INPUT DATA:
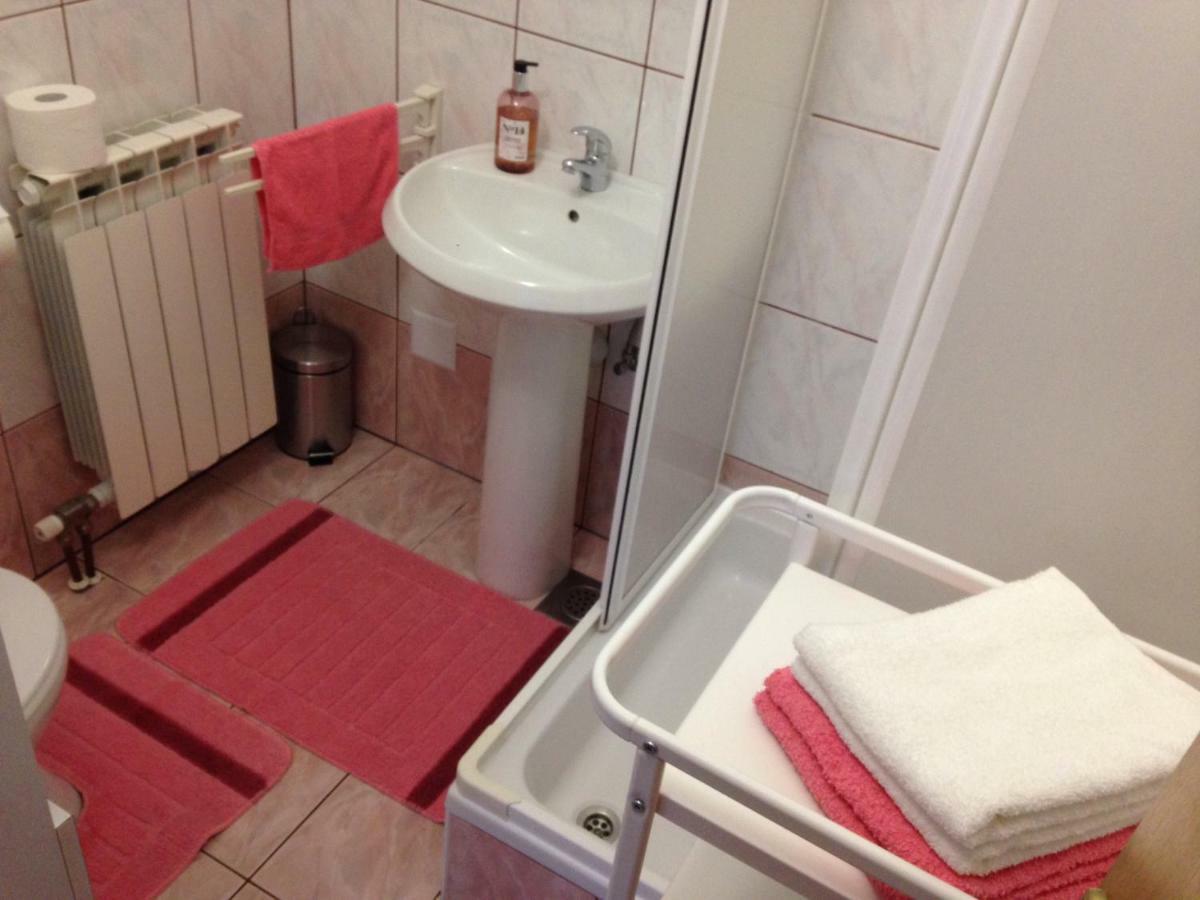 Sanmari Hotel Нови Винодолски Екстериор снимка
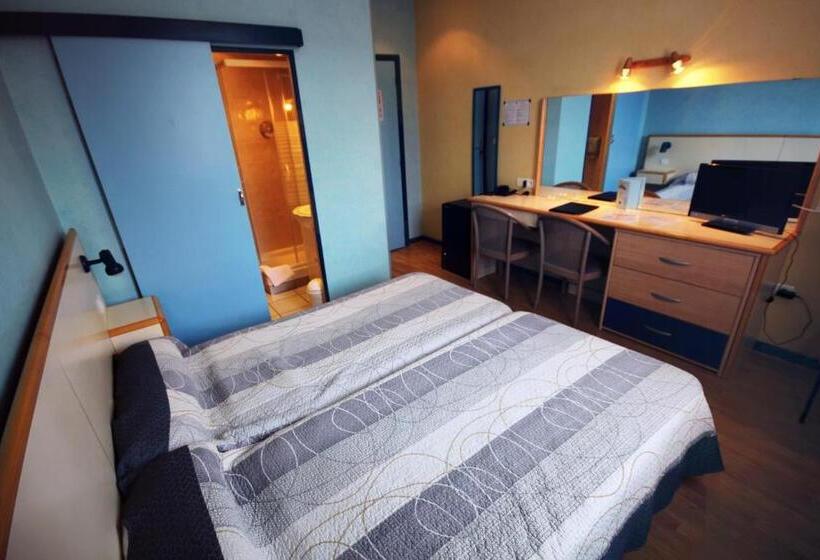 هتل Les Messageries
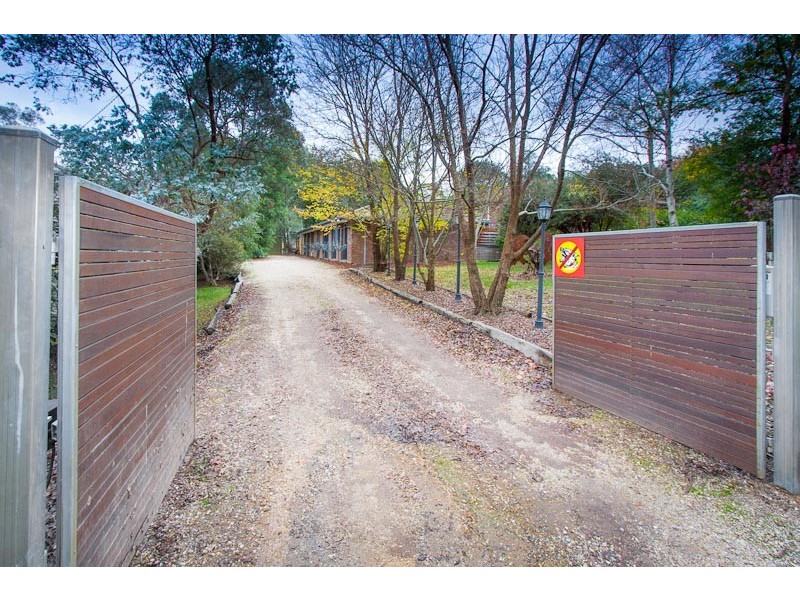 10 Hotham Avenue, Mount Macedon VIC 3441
...
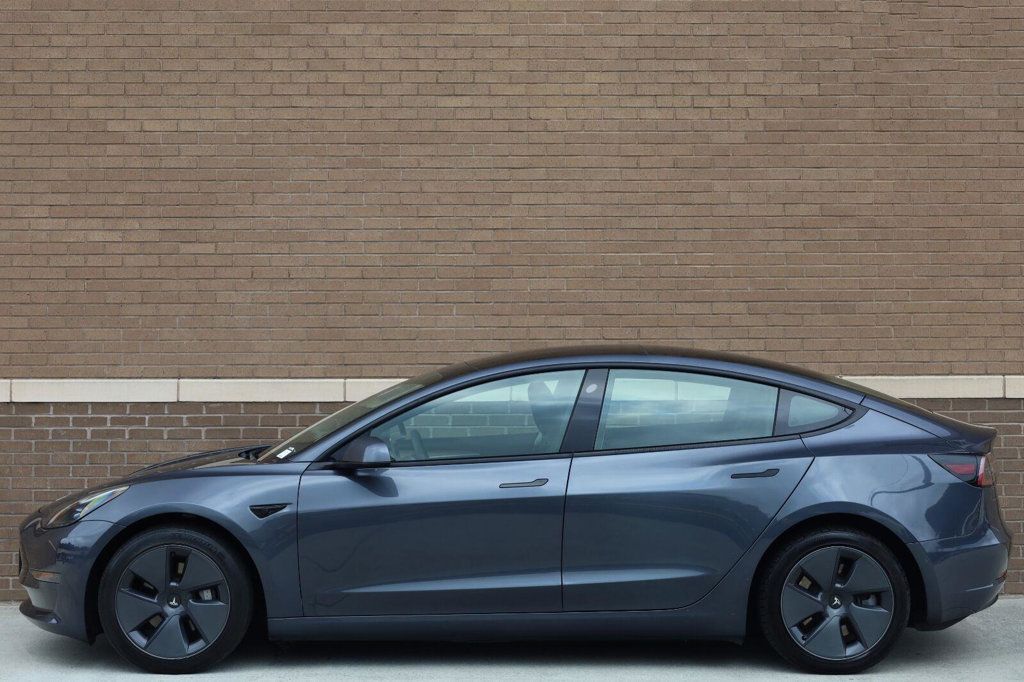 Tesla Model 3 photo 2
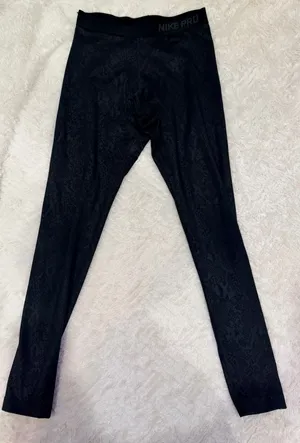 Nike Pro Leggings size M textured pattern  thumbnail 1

EXERCISE: In the records above, find the line with "هتل Les Messageries" and the line with "10 Hotham Avenue, Mount Macedon VIC 3441", then restate word for word only those two lines and all lines between, omitting pictures.

RESPONSE TO THIS EXERCISE:
 هتل Les Messageries
 10 Hotham Avenue, Mount Macedon VIC 3441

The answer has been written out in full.